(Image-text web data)
------------------------------------------------------------

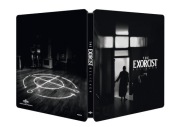egzorcysta 4k steelbook wyznawca believer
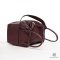 HERMES LINDY 26 BORDEAUX SHW STAMP A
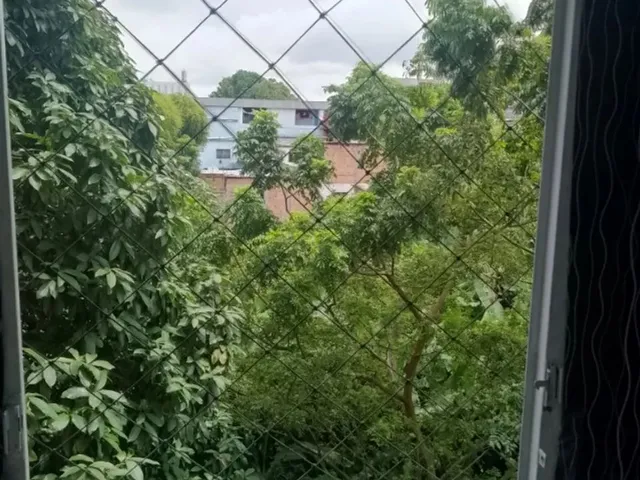 Imagem 16: Centro- Edifício Simão Bolívar Vendo Ou Alugo Um Lindo Aptº C/ 01 Quarto* **Financio*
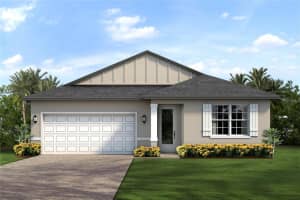 1704 SUNSET PRESERVE WAY, PORT CHARLOTTE, FL 33953 Sold 05/30/25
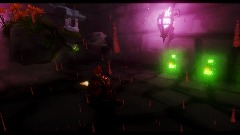 [Ancient dangers] king golen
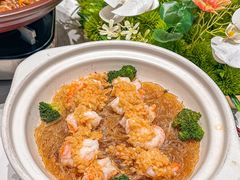 -U你·天然调味(南湖总店)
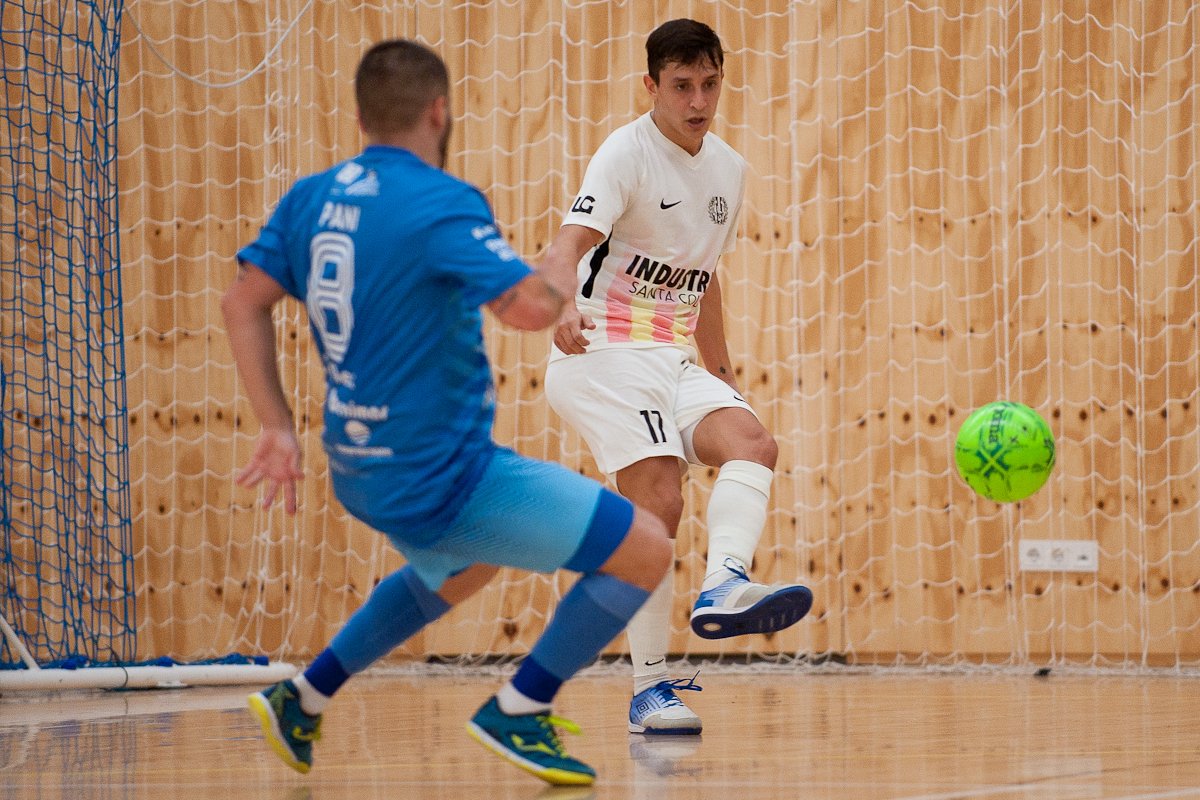 PREVIA | Peñíscola – Industrias: Encuentro vital para seguir soñando
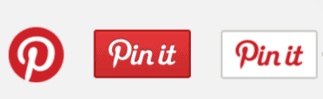 Handy button for making pins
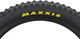 Maxxis Minion DHR II Dual 20" Drahtreifen - schwarz/20 "/58 mm/58-406/2.3 "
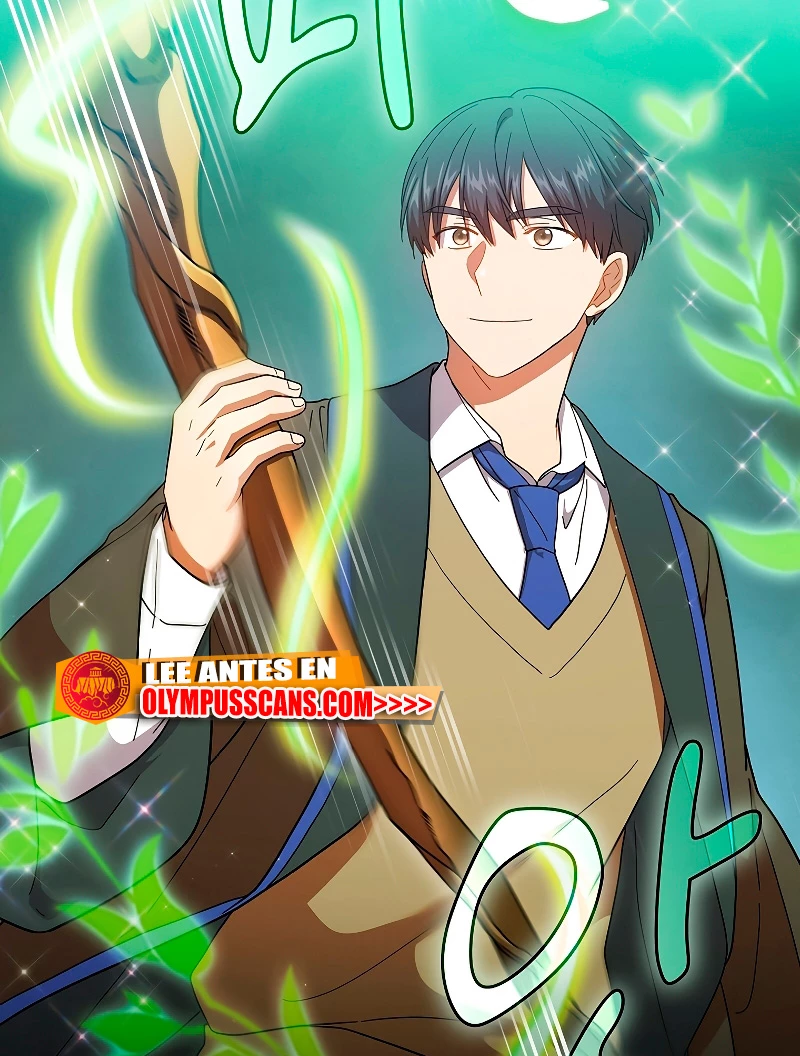 La vida de un mago de la academia de magia capítulo 36, página 31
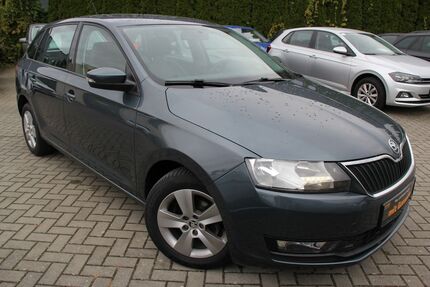 Skoda Rapid 51.678 km 10.799 € Falkensee 14612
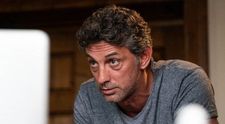 Andi Vasluianu, despre serialul Videochat, chiar de pe platourile de filmare! Ce spune actorul despre noul personaj 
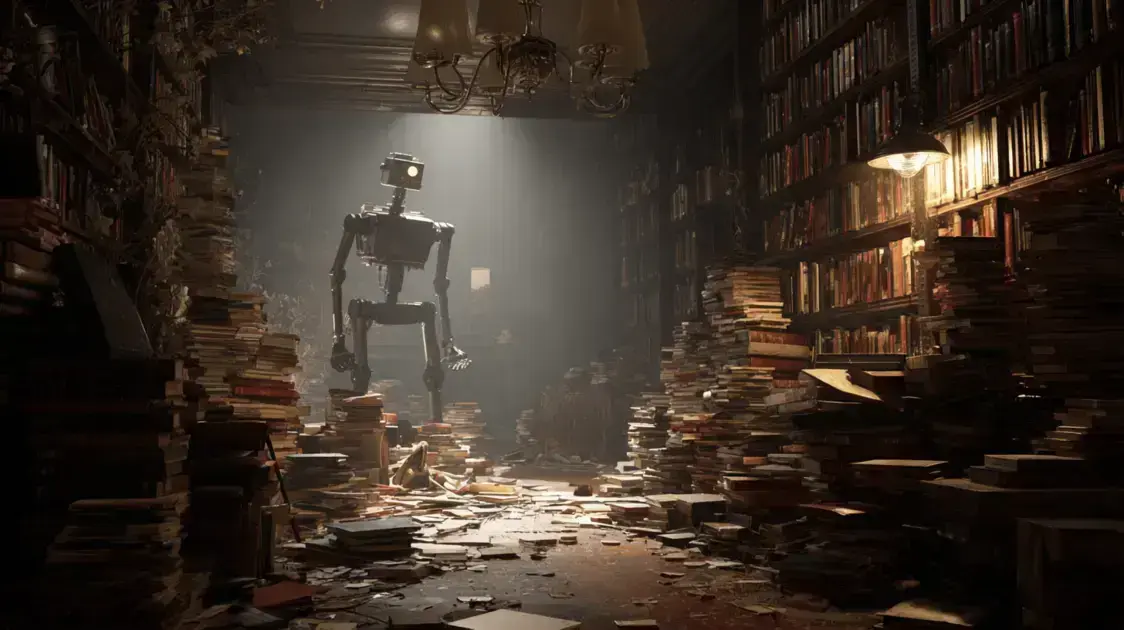 Chatbots de IA: Impacto Negativo na Ciência e Pesquisa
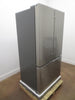 Bosch 800 Series 36" Counter Depth Fren. D Refrigerator B21CT80SNS Perfect Front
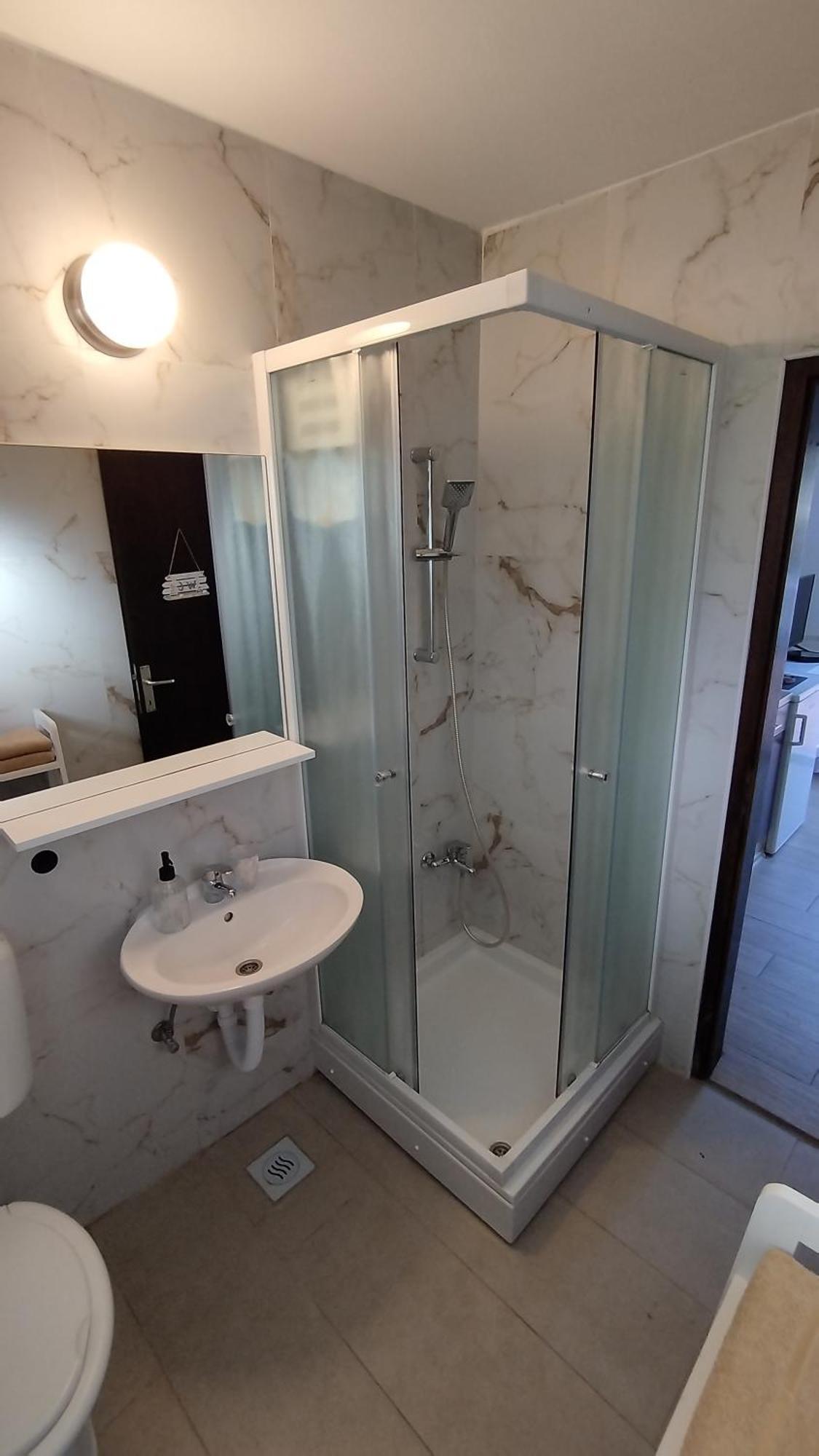Apartman Giulitta Apartment Porat  Bagian luar foto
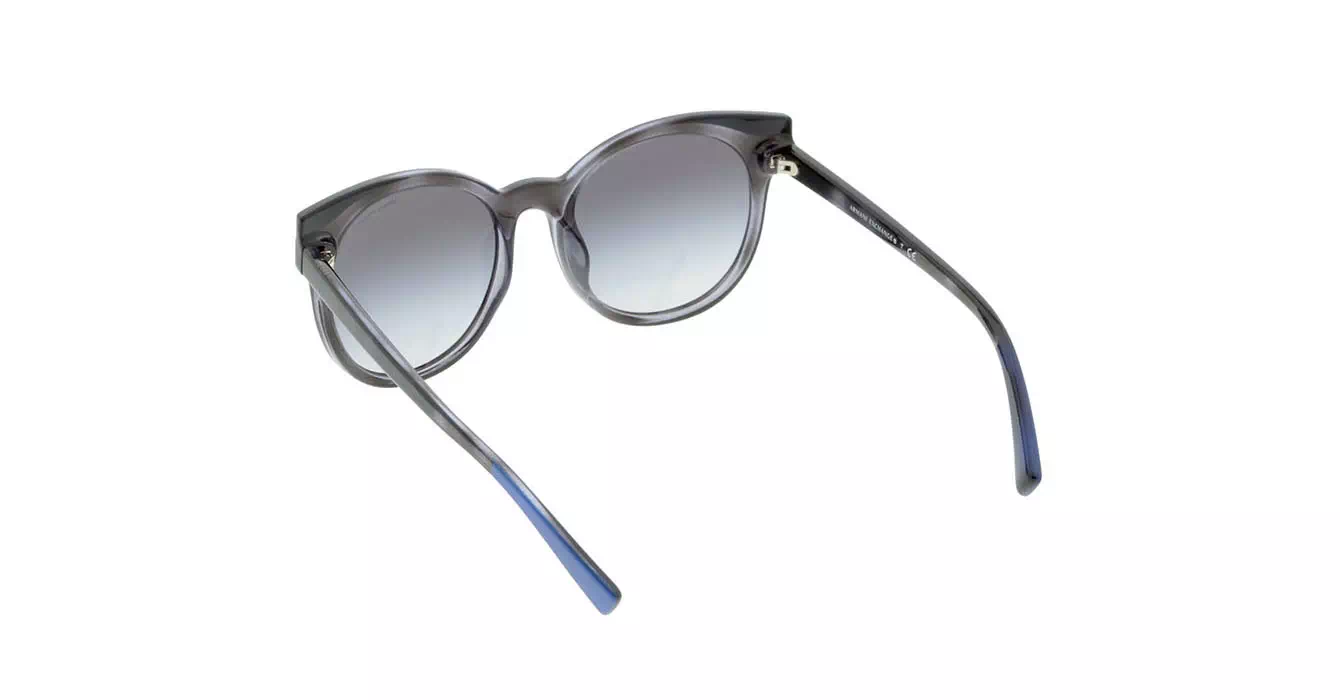 Armani Exchange AX4064SF col 8227/8G s55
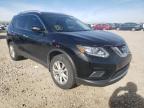 2015 NISSAN  ROGUE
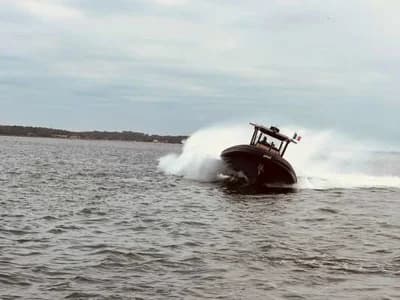 GHOST 320 3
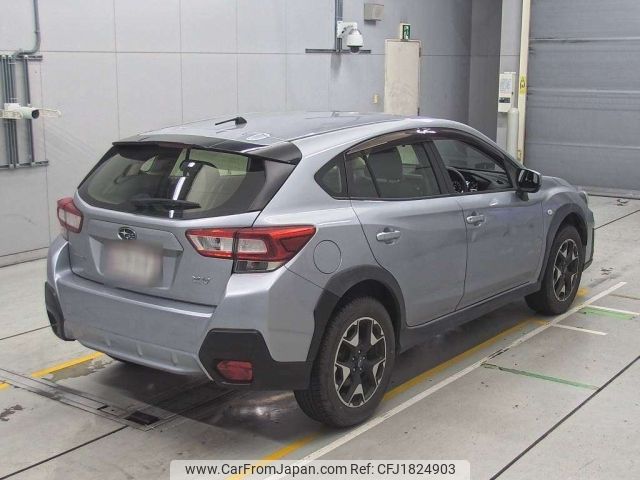 subaru xv 2018 CFJ1824903 image 2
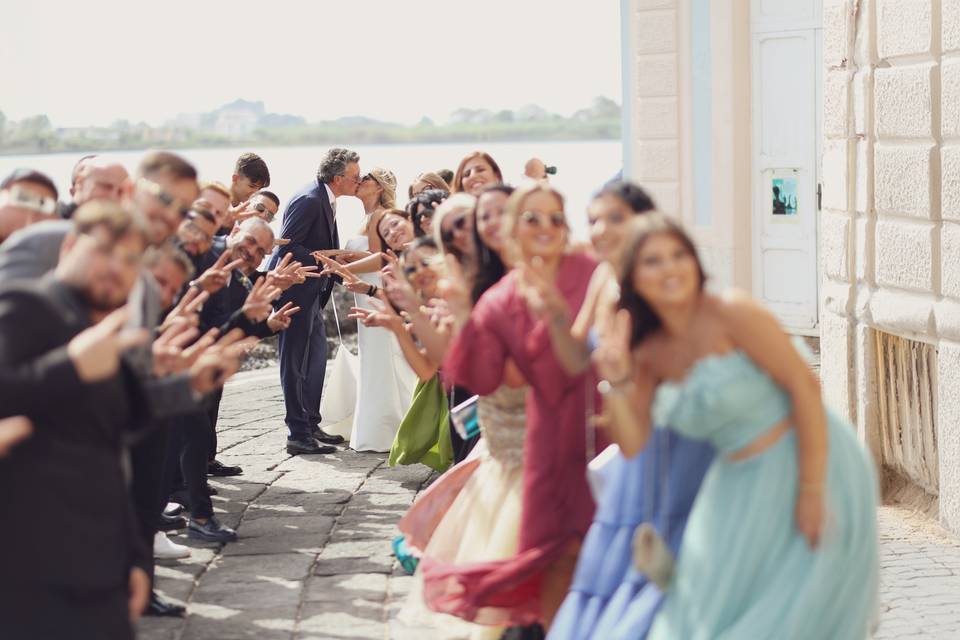 Matrimonio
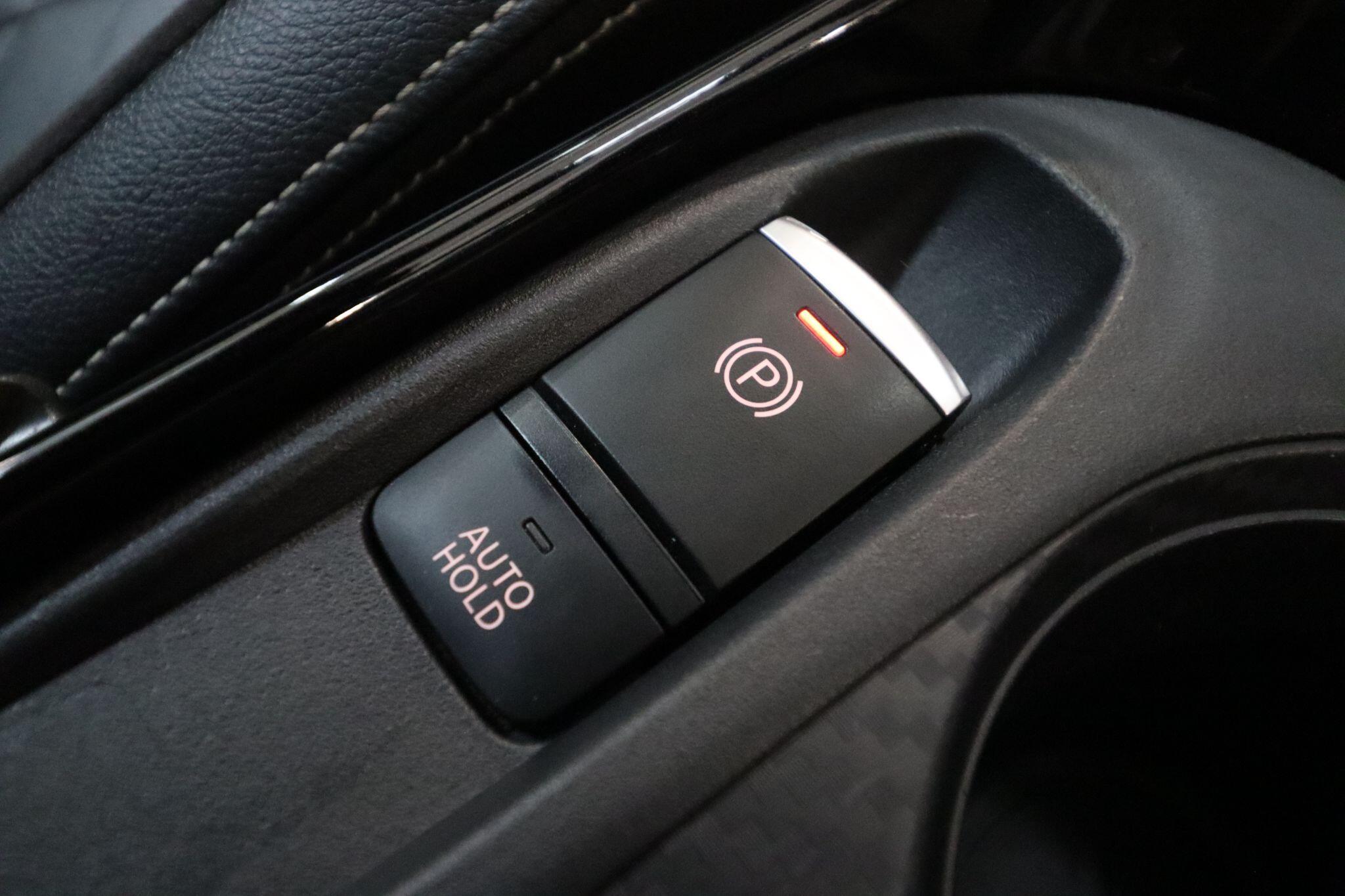 Nissan Juke view 17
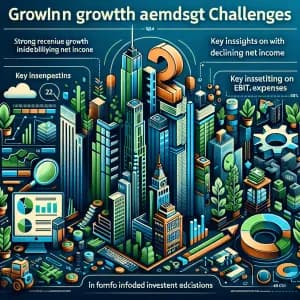 GoDaddy Inc. Q4 2024 Financial Report: Growth Amid Challenges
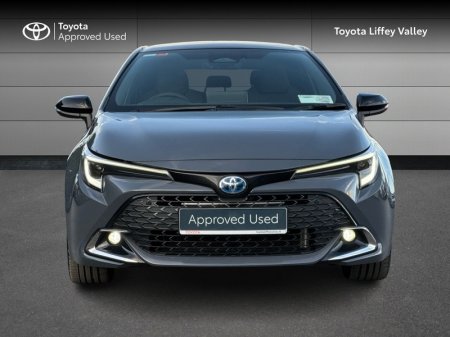 2026 Toyota Corolla - photo 5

------------------------------------------------------------

● About this exercise
Look above for the line with "Imagem 16: Centro- Edifício", then print it and each line after it down to and including the line with "-U你·天然调味(南湖总店)". Leave out the pictures and keep the wording exact.

● Output for this task
 Imagem 16: Centro- Edifício Simão Bolívar Vendo Ou Alugo Um Lindo Aptº C/ 01 Quarto* **Financio*
 1704 SUNSET PRESERVE WAY, PORT CHARLOTTE, FL 33953 Sold 05/30/25
 [Ancient dangers] king golen
 -U你·天然调味(南湖总店)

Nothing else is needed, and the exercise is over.